The investigations of the three “cold cases”, including the Estelle Mouzin file, have been completed

The families of the victims will finally be able to have some explanations in the event of a trial. The investigations into the three “cold cases” concerning the serial killer Michel Fourniret were closed in early February, source close to the file, confirmed by the prosecution. These are the kidnapping of Marie-Angèle Domèce in 1988, that of Estelle Mouzin in 2003 and the murder of Joanna Parrish in 1990.

These three files closed, Monique Olivier, ex-wife of the “organ of the Ardennes”, can now make her observations, then the prosecution take her requisitions. It will then be up to the Nanterre (Hauts-de-Seine) investigating judge Sabine Kheris to decide whether or not to hold a trial.

Towards a trial in 2023

If there is a trial, it could be held in November 2023, according to sources familiar with the matter. Monique Olivier would be the only one to appear, since Michel Fourniret died in 2021. His ex-wife is the only person implicated in these three files. Contacted by AFP, his lawyer Richard Delgenes, did not wish to comment on the end of the investigations.

“Forensic truth is important for the families of victims. They fought so hard to get it, ”reacted to AFP Me Didier Seban, the lawyer for the Domece, Parrish and Mouzin families. “There will naturally be a before and after trial, even if the absence of Michel Fourniret at this trial will highlight the faults of our judicial system”, he anticipated.

Estelle Mouzin’s body never found

Monique Olivier has already been sentenced to life imprisonment for complicity in four murders and gang rape committed by Michel Fourniret, then to twenty years in prison for a fifth murder. She had settled in 1987 with the killer when he was released from prison. They had a son together, then she divorced in 2010.

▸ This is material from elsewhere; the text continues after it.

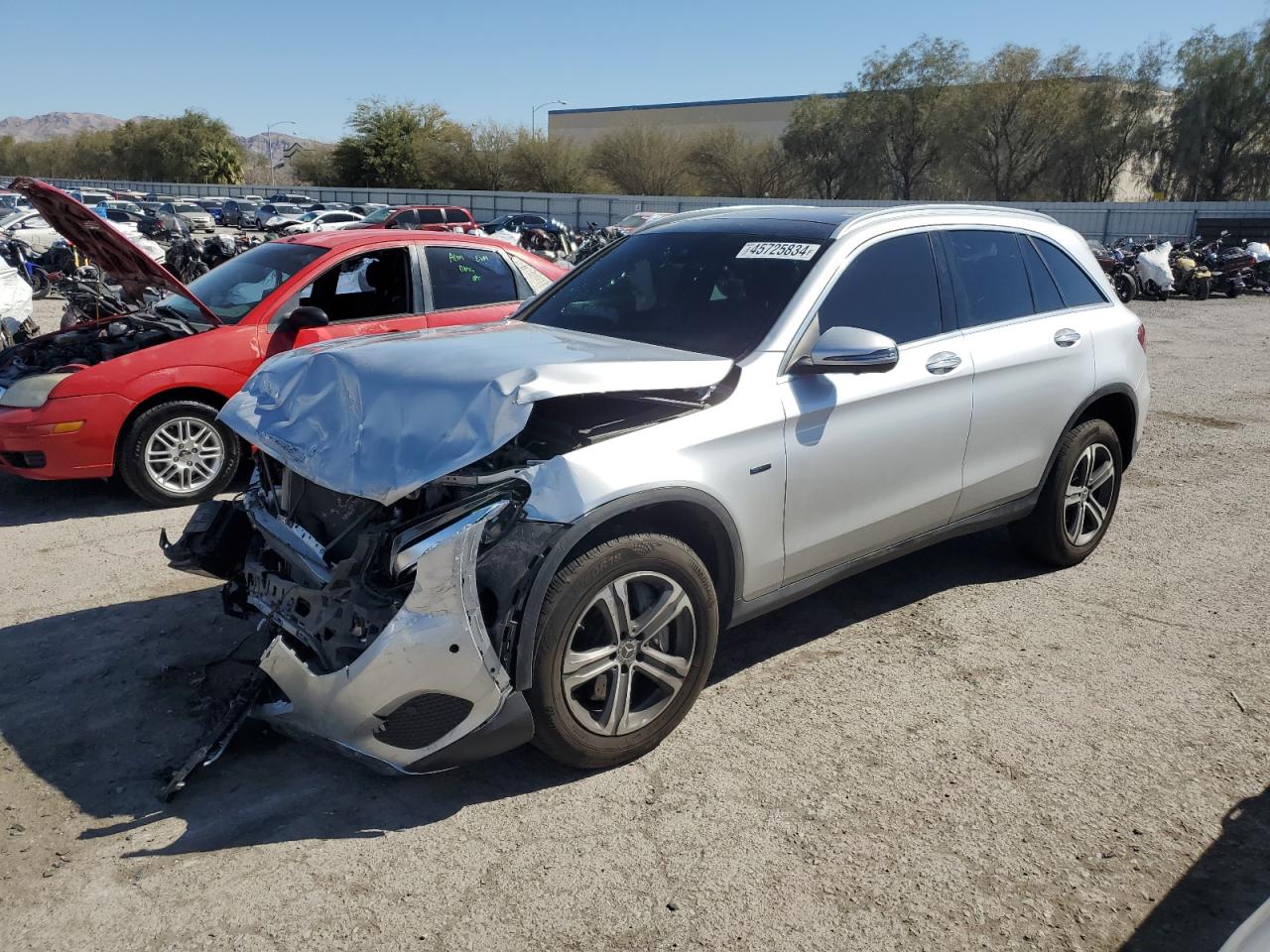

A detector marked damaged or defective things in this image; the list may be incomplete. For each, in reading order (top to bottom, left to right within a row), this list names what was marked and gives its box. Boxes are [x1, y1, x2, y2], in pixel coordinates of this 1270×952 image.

crumpled hood [220, 322, 736, 508]
damaged front bumper [165, 495, 536, 776]
crushed front end [162, 459, 556, 776]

On April 1, 2021, Monique Olivier had recognized for the first time a role in the kidnapping of Estelle Mouzin, specifying that she had accompanied Michel Fourniret to the edge of the wood of Issancourt-et-Rumel so that he buried the body of the girl. Since June 2020, around ten excavation campaigns have been organized in the Ardennes, sometimes in the presence of the killer and/or his ex-wife, in an attempt to find the girl’s body. Without success.

These files appear as the first closed judicial information from the national center installed in Nanterre (Hauts-de-Seine) since March 2022 and reserved for serial or unsolved crimes, of which Sabine Kheris is the first vice-president.